Hanafiyah dan Hanabilah membolehkan niat sebelum takbiratul ihram, asal tidak lama, dan telah masuk waktu sholat. Tidak apa juga menjedanya dengan aktifitas yang berkaitan dengan sholat, seperti wudhu.[12]
Syafi’iyah mewajibkan niat bersamaan dengan takbiratul ihram, karena ia adalah rukun sholat yang pertama.[13] Imam As-Syafi’i berkata, “Dan jika takbiratul ihram, hendaknya ia berniat (untuk sholat). (karena dimulaiya) sholat adalah saat takbiratul ihram, bukan sebelumnya, dan bukan setelahnya.”[14] Yaitu dengan meniatkan sholat dalam hati bersamaan dengan melafalkan takbiratul ihram dengan lisan, dan menyempurnakan niat hingga takbiratul ihram sempurna.[15]

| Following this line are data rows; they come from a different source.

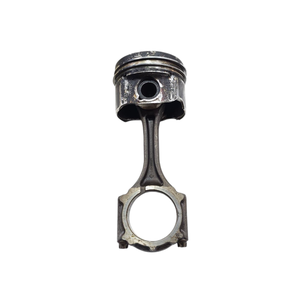 Pistone Motore MAZDA CX-5 SHY111SA0 SH Diesel 2200 (12>16) - Product Image 1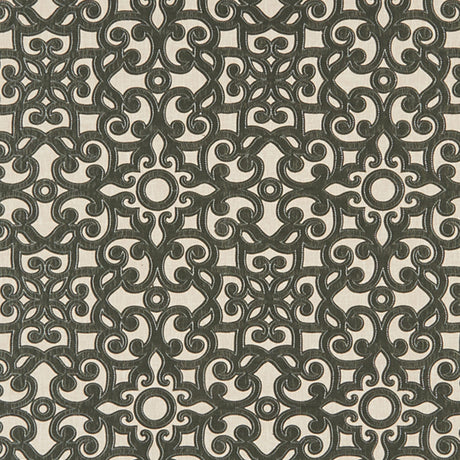JF Fabrics 77-J8201 KANDURI Fabric - Eade's Wallpaper & Fabric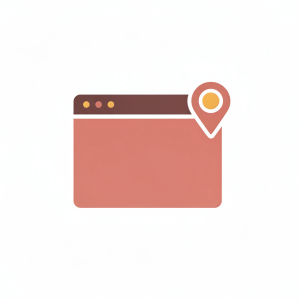 Alejandra Postlethwaite Poway Logo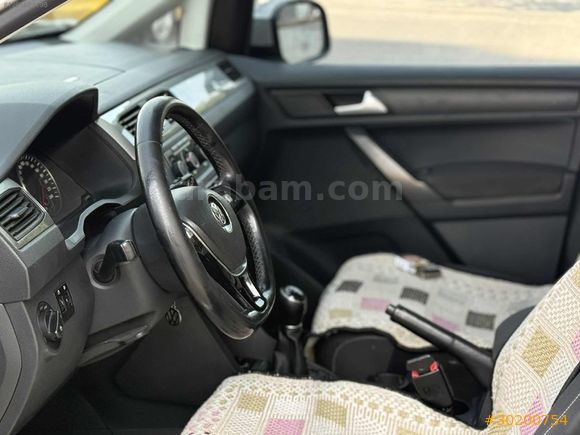 DURAN AUTODAN HATASIZ BOYASIZ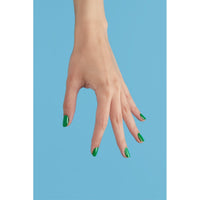 Cirque Colors - Nail Polish - Renegade 0.37 oz - Nail Lacquer - Nail Polish at Beyond Polish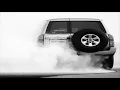 الي لقى احبابه نسى اصحابه - راشد الماجد بطيء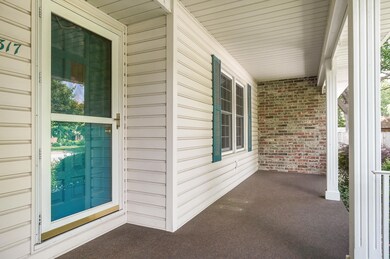 4317 S Raven Pl-5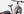 Specialized Turbo Vado 3 4.0 EVO neues Modell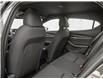 2025 Mazda Mazda3 Sport GX (Stk: N799093) in Dartmouth - Image 21 of 23
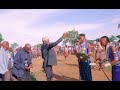 JIMINOGENI DOTO FT INONGU MHINDE 2026 BY BHUYA MEDIA 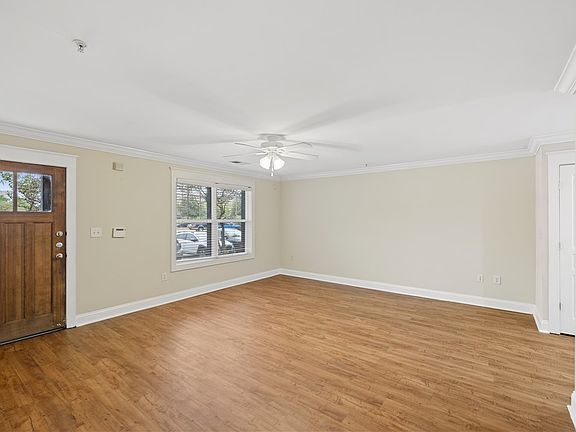 5th image of 1725 Harvey Mitchell Pkwy S APT 614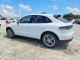 Porsche MACAN 2021 — Copart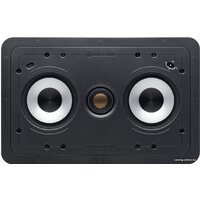 Monitor Audio CP-WT140LCR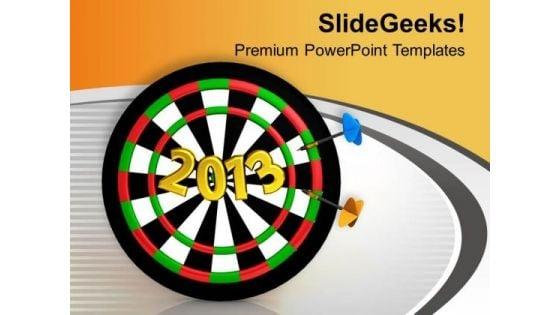 set_the_target_for_2013_powerpoint_templates_ppt_backgrounds_for_slides_0513_title.jpg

Malikiyah mengenai hal ini terdapat dua pendapat, yaitu ; mewajibkan niat bersamaan dengan takbiratul ihram, dan membolehkan seseorang berniat sebelum takbiratul ihram asal tidak berjeda lama. Pendapat kedua adalah yang lebih benar, bersandar pada kesepakatan ulama Malikiyah bahwa mengedepankan niat sebelum takbiratul ihram dengan jeda yang lama adalah membatalkan sholat.[16]
Dalam hal ini, Imam an-Nawawy dan al-Ghozali[17] berpendapat bahwa cukup dengan mengartikan muqoronah (kebersamaan) menurut anggapan umum, yaitu saat seseorang telah siap untuk sholat dan tidak dalam kondisi lalai.[18]
2.      Takbiratul ihram
Allah berfirman,
وَرَبَّكَ فَكَبِّرْ
“dan Rabbmu, agungkanlah (bertakbirlah).” QS. Al-Mudatsir: 3
Lafal كبّر adalah kalimat perintah, dan perintah dalam Al-Qur’an dihukumi sebagai suatu kewajiban. Maka, berdasar ayat ini, takbir adalah wajib. Dan tidak ada takbir kecuali takbir dalam sholat, sehingga takbiratul ihram dihukumi wajib.[19]
Yang dimaksud dengan takbiratul ihram yaitu melafalkan kalimat takbir sebagai tanda awal masuk sholat, sebagaimana sabda Rasul,
مفتاح الصلاة الطهور و تحريمها التكبير و تحليلها التسليم
“Kunci sholat adalah suci, pengharamannya (dari perbuatan lain) adalah takbir, penghalalannya adalah salam.” HR. Abu Dawud[20]
            Takbiratul ihram merupakan rukun sholat (Hanafiyah berpendapat ia adalah syarat sah sholat)[21] yang mana tidak akan sah sholat seseorang tanpanya, baik itu karena lupa atau sengaja. Takbiratul ihram harus dilafalkan.
Lafal dan syarat takbiratul ihram
Lafal takbiratul ihram, menurut ulama’ Maliki dan Hanbali adalah الله أكبر , dan sholat tidak sah jika menggunakan lafal selain itu. Dalil yang digunakan oleh Maliki adalah hadits Rasul,
مفتاح الصلاة الطهور و تحريمها التكبير و تحليلها التسليم
“Kunci sholat adalah suci, pengharamannya (dari perbuatan lain) adalah takbir, penghalalannya adalah salam.” HR. Abu Dawud[22]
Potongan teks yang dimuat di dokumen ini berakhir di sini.